Amazon.com (NASDAQ:AMZN) is having a banner year in 2017. At the end of November, share prices have skyrocketed 60% higher year to date. Here's a quick recap of how Amazon pulled off this market-smashing performance, just in case you need a reminder.
Steady as she goes
A steady drumbeat of impressive business results provided a strong foundation for this year's massive gains.
Amazon smashed Wall Street's earnings estimates in February's report of last year's holiday quarter. Three months later, the e-commerce giant surpassed all expectations in the first quarter. The company took a breather from earnings surprises in the second quarter, but the third-quarter update absolutely crushed Wall Street's targets.
The Amazon Web Services (AWS) division is boosting Amazon's bottom-line profits in a big way while the Prime free shipping club keeps online shoppers loyal. Together, this one-two punch delivers plenty of shareholder value.
What's going on?
We Amazon investors had plenty of news to keep us busy along the way to these earnings-based milestones.
- A fantastically successful Prime Day event saw sales rising 60% year over year while "tens of millions" of Prime members took advantage of the day's deals.

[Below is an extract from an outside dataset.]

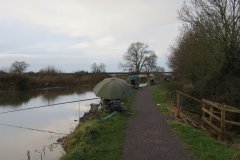 8.-Watchet-Angling-Club-on-Bridgwater-Canal-2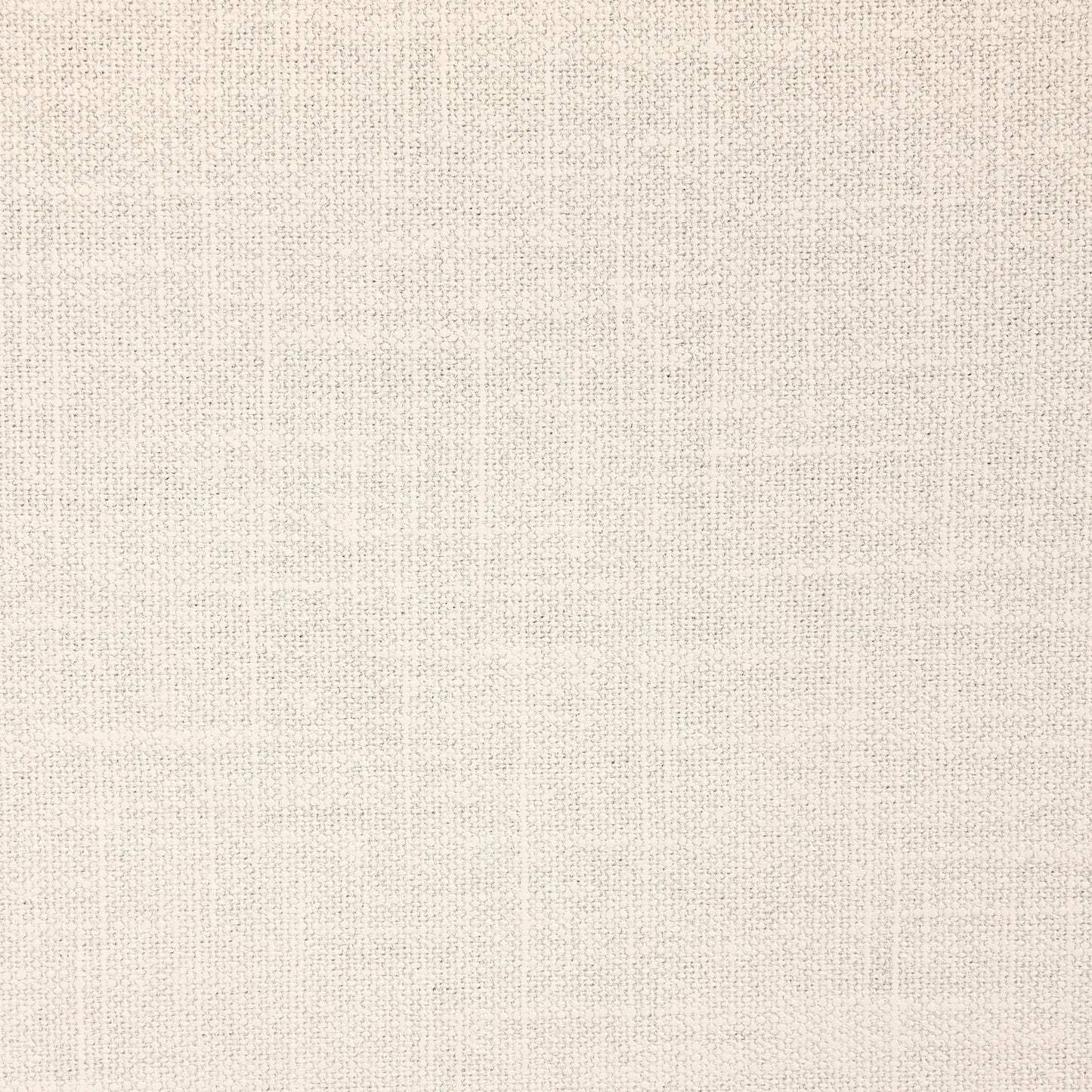 005 SI-2519138 | Closeup | Cressida Media Console by Four Hands in ivory painted linen. Made from painted linen in a transitional style.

With just three years of history under its belt, Amazon's private Black Friday is already the online shopping event of the summer.
- In a blockbuster $13.7 billion deal, Amazon bought upscale supermarket chain Whole Foods Market. The companies wasted no time closing their merger -- the deal was announced in June, met regulatory approvals two months later, and closed the following Monday.
- Thanks to the stock's indomitable long-term gains, founder and CEO Jeff Bezos passed Microsoft founder Bill Gates to become the world's richest man. As of this writing, Bezos' 17% stake in Amazon is worth a mind-blowing $100.3 billion.
Many investors write Amazon off due to its sky-high price-to-earnings ratio. The stock currently trades at 300 times trailing earnings and 150 times forward estimates.
But those figures are a product of Amazon's tax accounting procedures. Net income may have stopped at just $1.9 billion over the last four quarters, but free cash flows clocked in at $7.2 billion. EBITDA profits, which arguably measure a company's operating income in its purest form, have nearly tripled over the last three years to stop at a cool $14 billion. There are many ways to measure a company's profitability, and Amazon comes out looking like a cash machine in most cases.
The Whole Foods buyout is taking Amazon down some brand-new paths, and makes the company more comparable to traditional retailers with networks of brick-and-mortar stores. That being said, Whole Foods represents approximately 10% of Amazon's total sales and won't move the company's needle very far. The deal's long-term effects may be more powerful, but it's not a game changer in the short run.